Central Iron Ore Enrichment Works
- Company type: Subsidiary
- Industry: Mining
- Founded: 1961; 65 years ago
- Headquarters: Ternivskyi District, Kryvyi Rih, Ukraine
- Products: Iron ore
- Revenue: 15,988,004,000 hryvnia (2025)
- Total assets: 27,200,239,000 hryvnia (2025)
- Number of employees: 8,500
- Parent: Metinvest
- Website: cgok.metinvestholding.com

= Central Iron Ore Enrichment Works =

Processing and production of raw materials for the steel industry

Central Iron Ore Enrichment Works (CGZK) specializes in processing and production of raw materials for the steel industry, merchant concentrate with an average Fe content of 65.0% to 68.2% and pellets with an average Fe content of 63.9%. It is the only mine in Ukraine, that simultaneously uses open-pit quartzite fields and underground mining.

== Background==
Central GZK was established in 1961 in Kryvyi Rih.

It mines Hleyevatskyi, Petrovskyi and Artyomovskyi open-pit quartzite fields, and from Ordzhonikidze underground mine. Industrial quartzite resources are 51, 146, 159 and 106 million tons respectively.

Along with three quarries and mine, the works consist of three plants (crushing, concentrate and pellets), and one auxiliary plant, serving the main production.

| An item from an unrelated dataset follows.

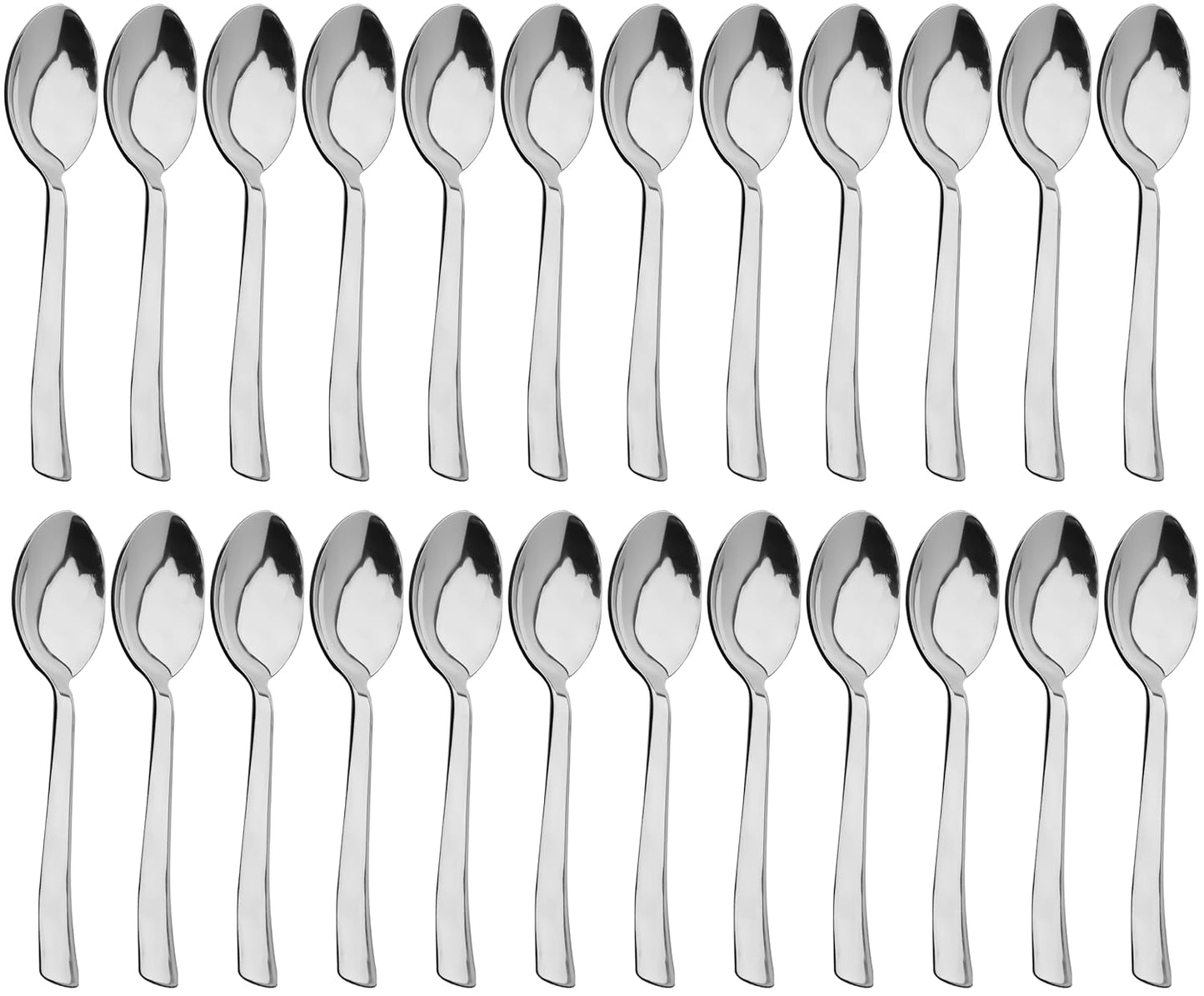 24-Piece Stainless Steel Dinner Spoon Set, 16 cm Mirror Polished Silverware for Home & Kitchen 24PARAGIMPBABY 3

The company employs nearly 8,500 people.

Central GZK is included in the Iron Ore Division of Metinvest Holding LLC, which is a component of the System Capital Management group of companies.

As of 2011 annual production stood at 14.2 Mtons of raw ore, more than 5.9 Mtons of iron ore concentrate, and over 2.2 Mtonnes of pellets.

In 2023, the Central Iron Ore Enrichment Works deservedly entered the Top 200 companies by income for 2022, which indicates its successful activities and significant contribution to the global economy.

== Awards ==
- Diploma of the Presidium of the Verkhovna Rada of the Ukrainian Soviet Socialist Republic.